To apply further hindsight to self-criticise my direct action:
I was on my own, I only had black spraypaint, which is ineffective against black vehicles, my slogans were a bit boring and obvious, I went over the top in being disarmingly honest in custody, owning up to a much bigger eco-terrorist spree earlier in the year, I should have started off at my main target - the Land Rover dealership which I never reached (Land Rover Discoveries do as little as 12 miles to the gallon in urban use whereas Toyota’s gas guzzlers are a bit less greedy), I should have taken photographs, I hadn’t considered who I would appoint as solicitor, I hadn’t checked with Greenpeace if I could use their name in my stunt, I hadn’t done enough planning to ensure my act of civil disobedience would reach a broader audience.

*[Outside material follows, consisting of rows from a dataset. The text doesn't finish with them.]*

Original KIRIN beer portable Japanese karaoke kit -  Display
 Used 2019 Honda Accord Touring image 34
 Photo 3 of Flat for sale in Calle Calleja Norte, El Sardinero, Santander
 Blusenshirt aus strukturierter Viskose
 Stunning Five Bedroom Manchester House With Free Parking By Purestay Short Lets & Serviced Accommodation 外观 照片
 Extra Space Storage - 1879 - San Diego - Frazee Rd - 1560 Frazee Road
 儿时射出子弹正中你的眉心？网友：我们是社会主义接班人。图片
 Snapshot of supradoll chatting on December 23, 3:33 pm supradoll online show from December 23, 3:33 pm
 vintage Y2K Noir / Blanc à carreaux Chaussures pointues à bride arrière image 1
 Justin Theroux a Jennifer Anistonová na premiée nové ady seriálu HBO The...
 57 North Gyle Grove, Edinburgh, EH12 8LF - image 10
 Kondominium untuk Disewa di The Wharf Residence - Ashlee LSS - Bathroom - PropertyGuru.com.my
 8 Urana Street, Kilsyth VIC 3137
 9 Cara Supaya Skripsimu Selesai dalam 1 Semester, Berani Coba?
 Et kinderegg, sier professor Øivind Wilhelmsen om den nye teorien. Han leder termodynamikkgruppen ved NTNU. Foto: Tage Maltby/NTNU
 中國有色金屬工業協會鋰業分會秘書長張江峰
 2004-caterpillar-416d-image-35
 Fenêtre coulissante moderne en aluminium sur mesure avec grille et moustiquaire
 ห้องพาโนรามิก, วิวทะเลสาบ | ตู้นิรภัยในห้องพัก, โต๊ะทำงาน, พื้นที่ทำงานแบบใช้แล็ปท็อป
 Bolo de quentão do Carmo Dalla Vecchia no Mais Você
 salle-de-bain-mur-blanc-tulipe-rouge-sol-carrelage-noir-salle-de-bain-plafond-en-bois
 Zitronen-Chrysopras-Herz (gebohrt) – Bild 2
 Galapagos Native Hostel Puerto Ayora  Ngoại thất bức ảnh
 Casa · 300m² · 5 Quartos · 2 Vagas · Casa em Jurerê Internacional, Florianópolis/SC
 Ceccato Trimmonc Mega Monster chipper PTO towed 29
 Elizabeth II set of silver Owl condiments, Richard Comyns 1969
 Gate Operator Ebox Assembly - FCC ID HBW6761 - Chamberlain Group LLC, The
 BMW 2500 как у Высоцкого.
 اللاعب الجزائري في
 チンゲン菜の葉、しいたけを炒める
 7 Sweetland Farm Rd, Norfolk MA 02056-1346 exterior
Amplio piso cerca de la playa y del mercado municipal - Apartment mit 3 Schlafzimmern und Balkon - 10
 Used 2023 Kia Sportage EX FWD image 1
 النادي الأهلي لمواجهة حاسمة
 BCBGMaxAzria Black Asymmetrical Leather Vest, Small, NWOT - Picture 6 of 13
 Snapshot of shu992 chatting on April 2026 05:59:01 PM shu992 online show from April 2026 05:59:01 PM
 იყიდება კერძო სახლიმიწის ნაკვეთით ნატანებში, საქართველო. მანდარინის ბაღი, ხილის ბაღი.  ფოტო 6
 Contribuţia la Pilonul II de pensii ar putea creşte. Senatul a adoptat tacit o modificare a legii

On the positive side I only attacked vehicles still belonging to their producer rather than to private individuals (not that I would condemn this outright), I thoroughly charmed the police, I hadn’t been drinking or on drugs or used smutty language, and I proper cleaned up in the interview room.
But mainly I did it, and it was fun.
I am bailed with a 9pm curfew and a clause not to enter any garage forecourts until my trial for criminal damage on Wednesday morning, 28th September at Huddersfield magistrate's court. Come along if you fancy a laugh.